Trees are the reality central to this book, and to the life of John Fowles ever since his childhood days in Devon, England. Not trees in the singular state nor trees pruned, lopped, and encouraged to yield bushels of the sweetest fruit, as was his father's passion; but endless reaches of trees in their wildest form, posing the continual question: "What lies next?" Wild, chaotic, untranslatable, this is Fowles' microcosm for reality.
Merely because he is working in the up- front genre of the essay, do not think that he has left behind his ability to lure the reader in the subtlest and most pleasing of ways. Before convincing us intellectually of the disparity between forest and language, he revives our memories of how we, too, once took to the woods, either climbing trees or rambling through them, in an effort to escape school and the abstractions of language, for one, forced upon us. Suddenly we understand viscerally what he is about to unravel rationally.
Language is not only disparate from the world of the forest, it is dangerous to it and to our ability to perceive. Identifying a tree, or merely describing it, we isolate the tree from its context, freeze one aspect of a continually changing organism, and -- here lies the great mistake -- we often confuse that aspect with the whole. Identifying slowly becomes a game, its own anthropocentric reality, separate from the object identified. Thus begins the rift between language and nature, between words and reality, and the inaccuracies of all that utilize language: science, knowledge, art, etc.

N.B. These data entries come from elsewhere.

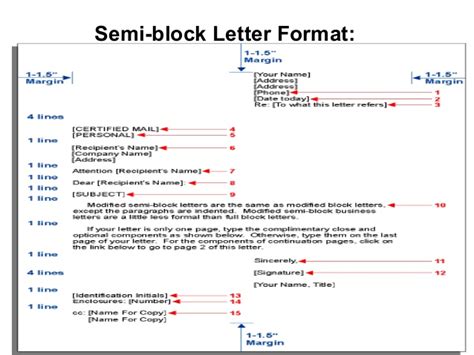 Semi block style business letter format sample archives. Muhammad Afif Ibrahim: September 2016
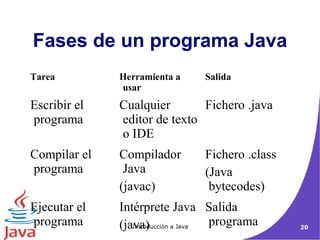 Fases de un programa Java 
Tarea Herramienta a 
usar 
Salida 
Introducción a Java 20 
Escribir el 
programa 
Cualquier 
editor de texto 
o IDE 
Fichero .java 
Compilar el 
programa 
Compilador 
Java 
(javac) 
Fichero .class 
(Java 
bytecodes) 
Ejecutar el 
programa 
Intérprete Java 
(java) 
Salida 
programa 
 
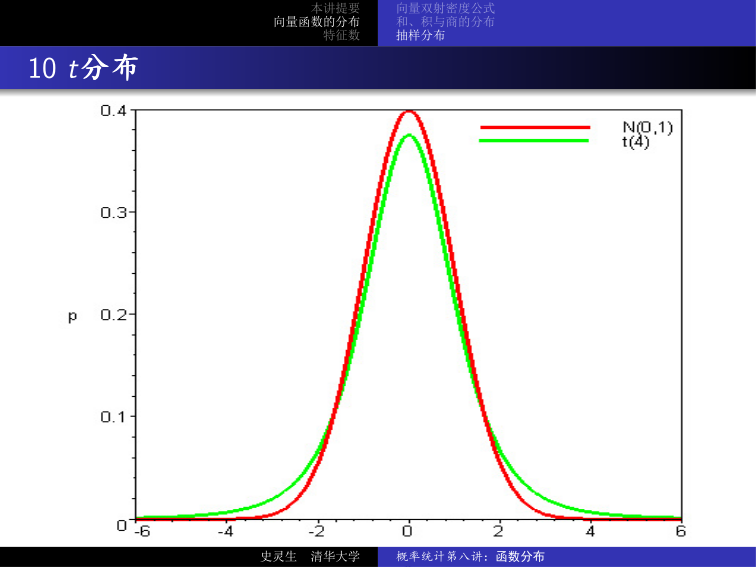 t 分布性质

But the strength of the essay lies in Fowles' willingness to live with paradoxes. Though a competent naturalist and co-curator of a natural history museum, he raises suspicious about the process of identifying. As a novelist ("Daniel Martin," "The French Lieutenant's Woman" etc.) with enormous verbal capacities, he points out the liabilities of language. And although he says of the woods, "Nowhere are the two great contemporary modes of reproducing reality, the word and the camera, more at a loss," he combines his writing with photographs stemming from a different philosophy concerning trees.
One must also admire the courage of Frank Horvat, not only for photographing a subject as elusive as trees, but for allowing his work to rest next to such probing text. Boldly he ignores preconceived notions of what a photograph should be in order to bring us closer to the essence of trees. And the result is immensely pleasing.

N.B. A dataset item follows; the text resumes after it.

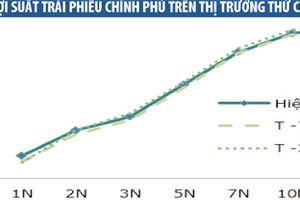 Thị trường Kl99kl Hoàn Trả Vô Tận: Lợi suất tiếp tục tăng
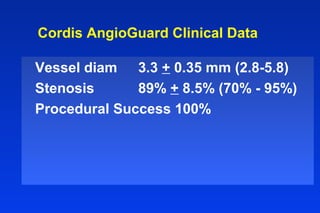 Cordis AngioGuard Clinical Data
Vessel diam 3.3 + 0.35 mm (2.8-5.8)
Stenosis 89% + 8.5% (70% - 95%)
Procedural Success 100%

For Fowles though, simply livingm with paradoxes is not enough; each element of the paradox must feed the other. For example, it is his wanderings through tree-filled combes, experiencing what Gertrude Stein calls "the excitingness of pure being," which ultimately shape his writing, both the process and the final product. He seems to say that language and reality are inevitably different, but they can sustain rather than destroy each other.
"It [nature] can be known and entered only by each, and in its now, not by you through me, by any you through any me, only by you through yourself, or me through myself. We still have this to learn: the inalienable otherness of each, human and nonhuman, which may seem the prison of each, but is at heart, in the deepest of those countless million metaphorical trees for which we cannot see the wood, both the justification and the redemption." When we no longer force language against this truth, the split will still be there -- between language and reality -- but the danger will be removed.